THE RECORDS –
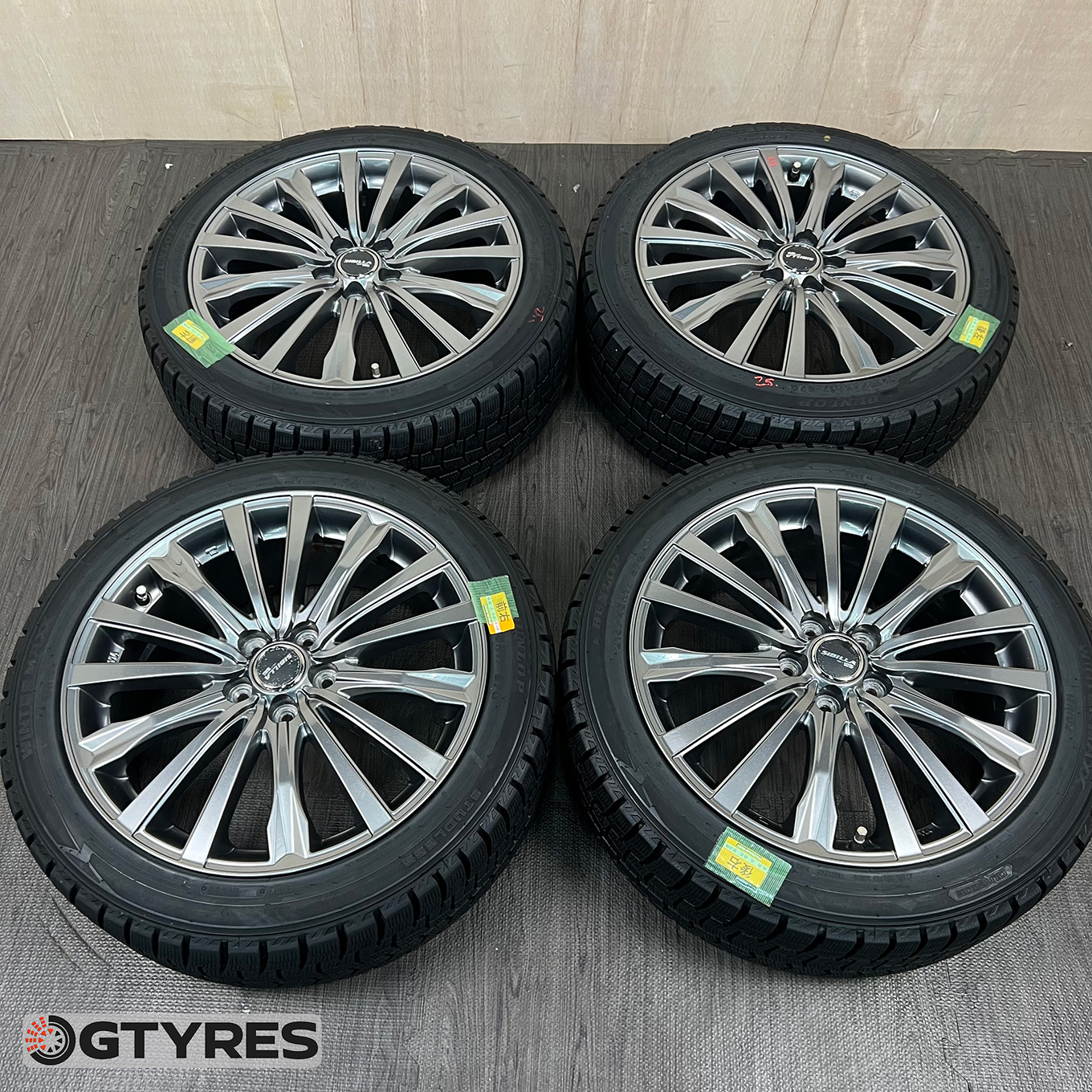 215/45 R17 Dunlop WINTERMAXX WM02 — 32 400 ¥/комплект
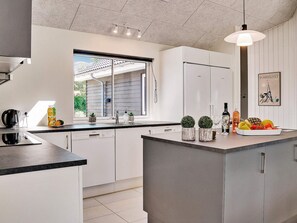 House | Interior - Holiday Home in Væggerløse (Vaeggerlose)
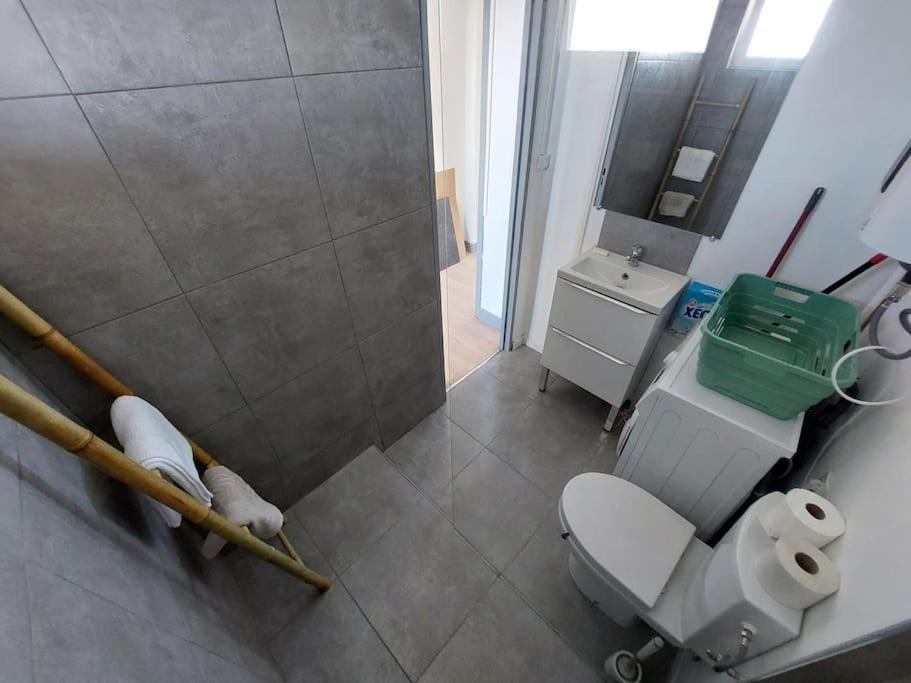 Le Voltaire - T2 Neuf Face Pyrenees Apartment ตาร์บ ภายนอก รูปภาพ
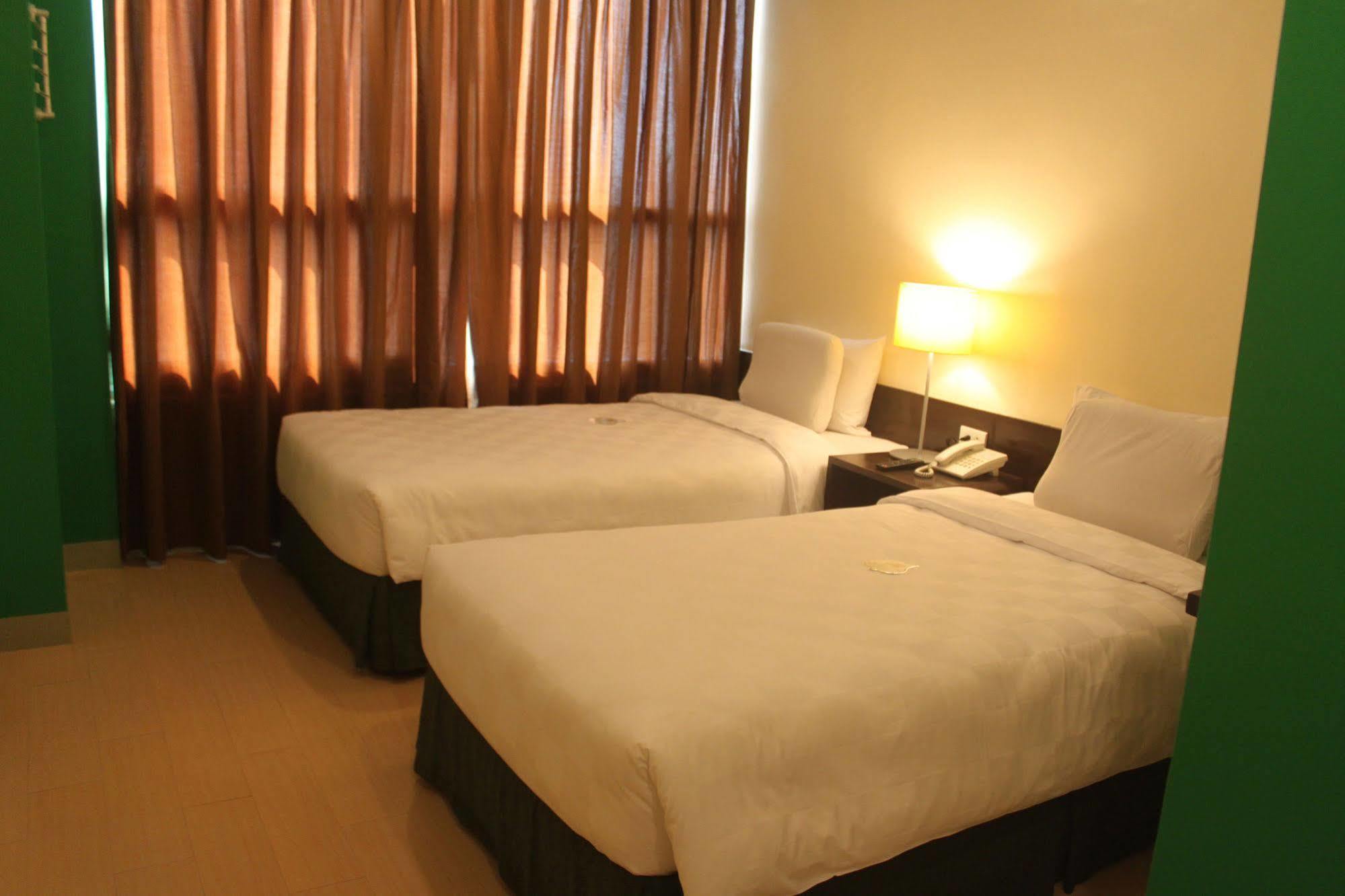 Go Hotels Plus Mandaluyong Exterior photo
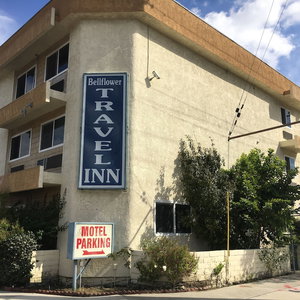 Hotel Bellflower Travel Inn cazare Bellflower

THE PROBLEM – Without including any pictures, reproduce the listing exactly.

WRITTEN RESPONSE –
 215/45 R17 Dunlop WINTERMAXX WM02 — 32 400 ¥/комплект
 House | Interior - Holiday Home in Væggerløse (Vaeggerlose)
 Le Voltaire - T2 Neuf Face Pyrenees Apartment ตาร์บ ภายนอก รูปภาพ
 Go Hotels Plus Mandaluyong Exterior photo
 Hotel Bellflower Travel Inn cazare Bellflower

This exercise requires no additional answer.